A thin prism `P_(1)` with angle`6^(@)` and made from glass of refractive index 1.54 is combined with another thin prism `P_(2)` of refractive index 1.72 to produce dispersion without deviation. The angle of prism `P_(2)` will be

To solve the problem of finding the angle of prism \( P_2 \) that, when combined with prism \( P_1 \), produces dispersion without deviation, we can follow these steps: ### Step-by-Step Solution: 1. **Understanding the Condition for Dispersion without Deviation**: - For dispersion without deviation, the total deviation caused by both prisms must be zero.
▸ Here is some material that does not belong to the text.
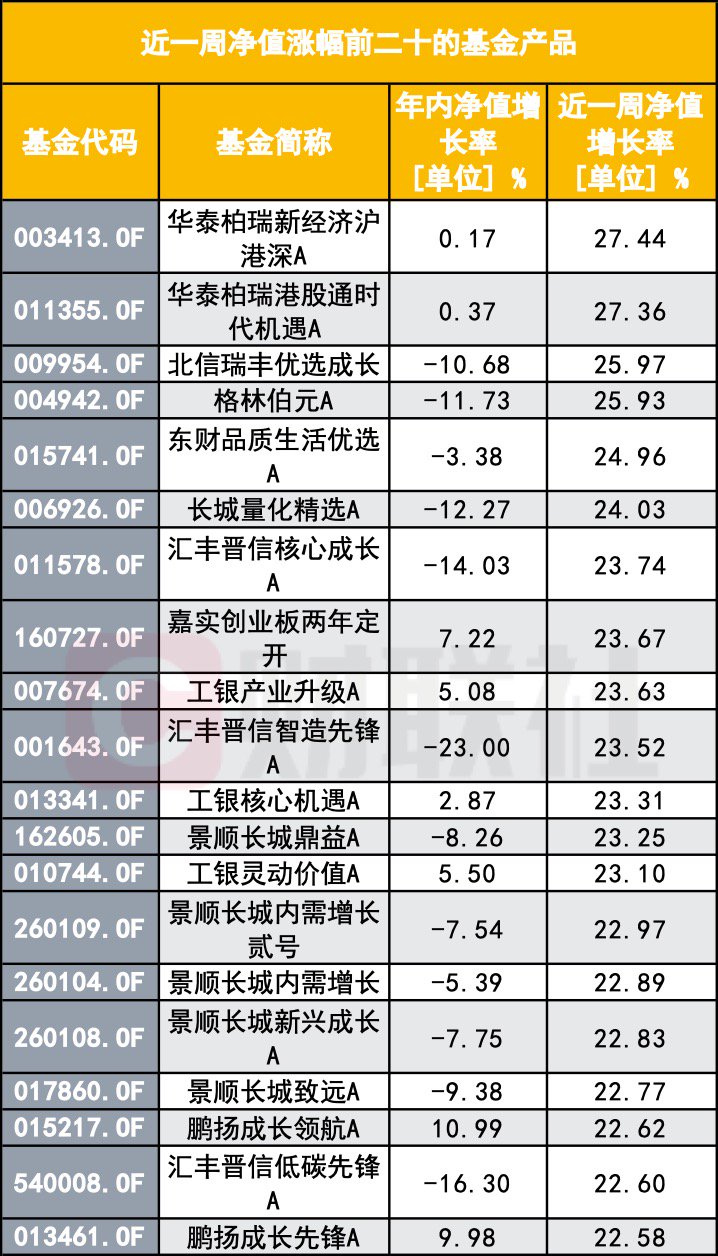 “A股大漲 怎么我的基金倒虧了？”基民靈魂拷問：你這啥水平？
This means that the deviation caused by prism \( P_1 \) must equal the negative of the deviation caused by prism \( P_2 \). 2. **Formula for Deviation**: - The deviation \( D \) for a thin prism is given by the formula: \[ D = (\mu - 1) \cdot A \] where \( \mu \) is the refractive index of the prism and \( A \) is the angle of the prism. 3. **Setting Up the Equation**: - Let \( \mu_1 = 1.54 \) (for prism \( P_1 \)), \( A_1 = 6^\circ \) (angle of prism \( P_1 \)), \( \mu_2 = 1.72 \) (for prism \( P_2 \)), and \( A_2 \) be the angle of prism \( P_2 \) that we need to find. - According to our condition: \[ D_1 + D_2 = 0 \] - This leads to: \[ (\mu_1 - 1) \cdot A_1 = (\mu_2 - 1) \cdot A_2 \] 4. **Substituting Known Values**: - Substitute the values into the equation: \[ (1.54 - 1) \cdot 6 = (1.72 - 1) \cdot A_2 \] - Simplifying gives: \[ 0.54 \cdot 6 = 0.72 \cdot A_2 \] 5. **Calculating \( A_2 \)**: - Calculate the left-hand side: \[ 0.54 \cdot 6 = 3.24 \] - Now, we can solve for \( A_2 \): \[ 3.24 = 0.72 \cdot A_2 \] \[ A_2 = \frac{3.24}{0.72} = 4.5^\circ \] 6. **Final Result**: - The angle of prism \( P_2 \) is: \[ A_2 = 4.5^\circ \text{ or } 4^\circ 30' \] ### Conclusion: The angle of prism \( P_2 \) that produces dispersion without deviation when combined with prism \( P_1 \) is \( 4.5^\circ \).